Club, fans in Rochester feeling sting of minor irritation with O's

Inside the Orioles

Relationship with affiliate chills

Red Wings rebuff attempt at 3-year deal

July 04, 1999|By Joe Strauss | Joe Strauss,SUN STAFF

NEW YORK -- Beyond the booing of designated anti-hero Albert Belle and the protracted cheering of third baseman Cal Ripken in what was likely his last tour through town, Rochester hugged the Orioles on Monday. It was something less than a full embrace.

The Orioles' season has become one of blatant disappointment. However, its relationship with the Red Wings, a 39-year Triple-A affiliate, underscores the loosening ties within a farm system once considered more family and represents a subtler issue that played out in a private box last Monday. While the Orioles sprinted through eight innings of a 1-1 exhibition, general manager Frank Wren attempted to negotiate a three-year extension, only to be rebuffed by Red Wings executives.

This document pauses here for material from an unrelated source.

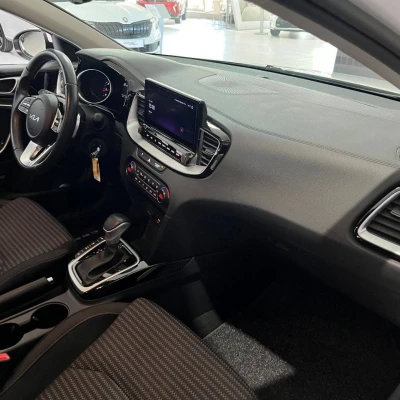 CEED SW 1.5 T-GDi 160 ch DCT7  Active - photo 16/61
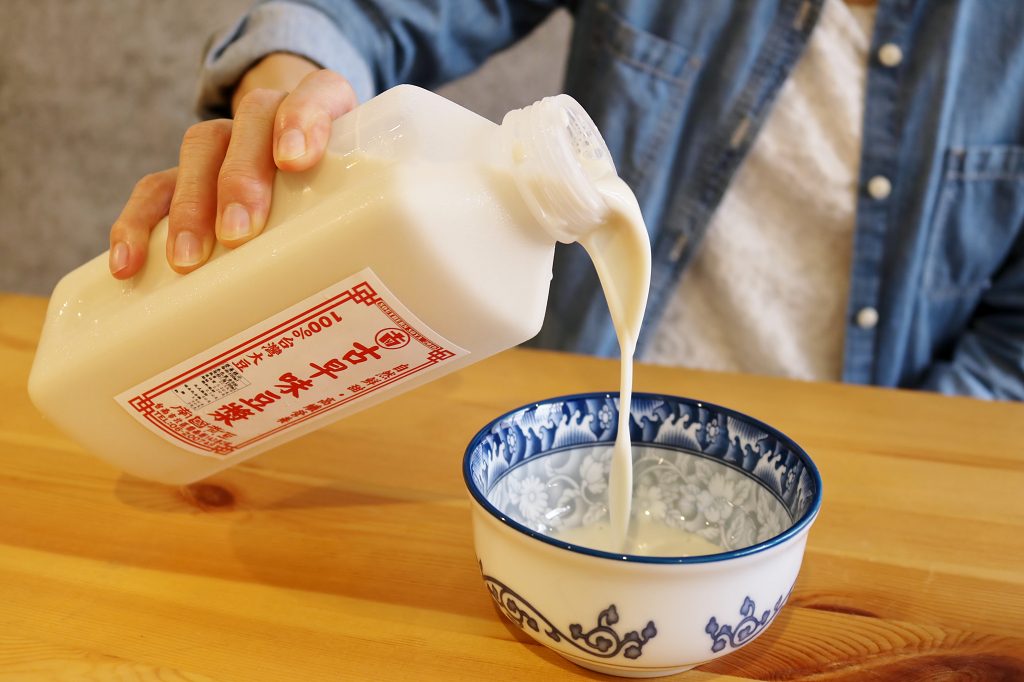 台南｜南國黃豆 豆花．豆漿專賣 鹽滷製法．傳統小吃推薦 - 奇奇一起玩樂趣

"We want a one-year agreement. The Orioles prefer a three-year deal. You'd think it would be the other way around, wouldn't you?" said chief operating officer Naomi Silver.

Indeed, there was barely a ripple when the Orioles and Red Wings agreed to a two-year extension after the 1997 season. The Orioles celebrated their first American League East title in 14 years and a second consecutive berth in the AL Championship Series. Rochester pitcher Nerio Rodriguez and infielder Aaron Ledesma made significant contribu- tions. The Red Wings won the International League playoffs after the second first-place finish in three seasons under then-manager Marv Foley.

A lack of prospects, the loss of the popular Foley (now the Orioles' first base coach), a miserable season and suspicion of the Orioles' intentions have come to complicate the relationship.

Speaking to her position in last week's negotiations, Silver said: "It's about showing our fans that they're not taken for granted. We certainly anticipate staying with the Orioles. We hope they want to stay with us. But based on the way things have gone this season, we think [a one-year] extension is in everybody's best interest."

Consternation over Monday night's game abated after Orioles chief operating officer Joe Foss and Wren engaged in successful shuttle diplomacy with veteran Orioles B.J. Surhoff, Brady Anderson and player representative Mike Mussina. But because the game became an embarrassing issue after Belle's supposedly facetious posting of a petition to boycott, what had been a private irritant became public spectacle, especially to Rochester fans, who tend to take their baseball personally.

"To me, Rochester is a unique place," said Foley, who is considering moving his off-season residence from Sarasota, Fla., to Rochester, which is also home to former Orioles manager Joe Altobelli. "The fans there are terrific. They love the team and the players. It's just a great area for baseball."

The Rochester Democrat and Chronicle does a major-league job covering the International League, and part of its cover-to-cover presentation Tuesday included a full page of venting from Red Wings fans. Within a market that Foley calls "the best" for minor-league baseball, feedback was far from positive. Hurt by the recent controversy in Baltimore and feeling increasingly detached from an Orioles front office that recently botched a roster move involving closer Gabe Molina, baseball's third-longest affiliation is no longer an easy marriage.

To Silver and her customers, there are several major points: Orioles majority owner Peter Angelos never has visited the town. Though seen as a petty issue in Baltimore, such slights are bigger in a place compelled to dismiss "boondocks" as an apt characterization. Silver recently said: "There's not the huge bond there was 20 years ago. Management changes so much in Baltimore, it's hard to get close to anyone."

The Red Wings have enjoyed 24 winning seasons during their 39-year affiliation with the Orioles. This will not be one of them as they roll around in the International League cellar.

Most significantly, the Orioles can envision all their minor-league affiliates playing within Maryland. Under such a scenario, Aberdeen would construct a stadium and receive a lower-classification team. Bowie's impressive Prince George's County Stadium would be made suitable for a Triple-A team. Rochester would be left to seek other arrangements.

"We've heard those rumors for five, six, seven years," said Silver. "I'm not sure how close they are to becoming reality, but we're certainly aware of them."

The Red Wings could take a pre-emptive step by seeking affiliation with the New York Mets, who also have a long-standing relationship with Norfolk, Va., though Silver said no overtures have been made.

Locals also believe the club could make a deal with the Pittsburgh Pirates when their contract with Nashville expires after the 2001 season.

Wren said Monday that the Orioles' desire for a three-year deal illustrates their commitment to Rochester. But as those within the warehouse examine and re-examine what direction the club will take after this season's disaster, Silver and those who have made Rochester "Baseball City, USA" want additional proof.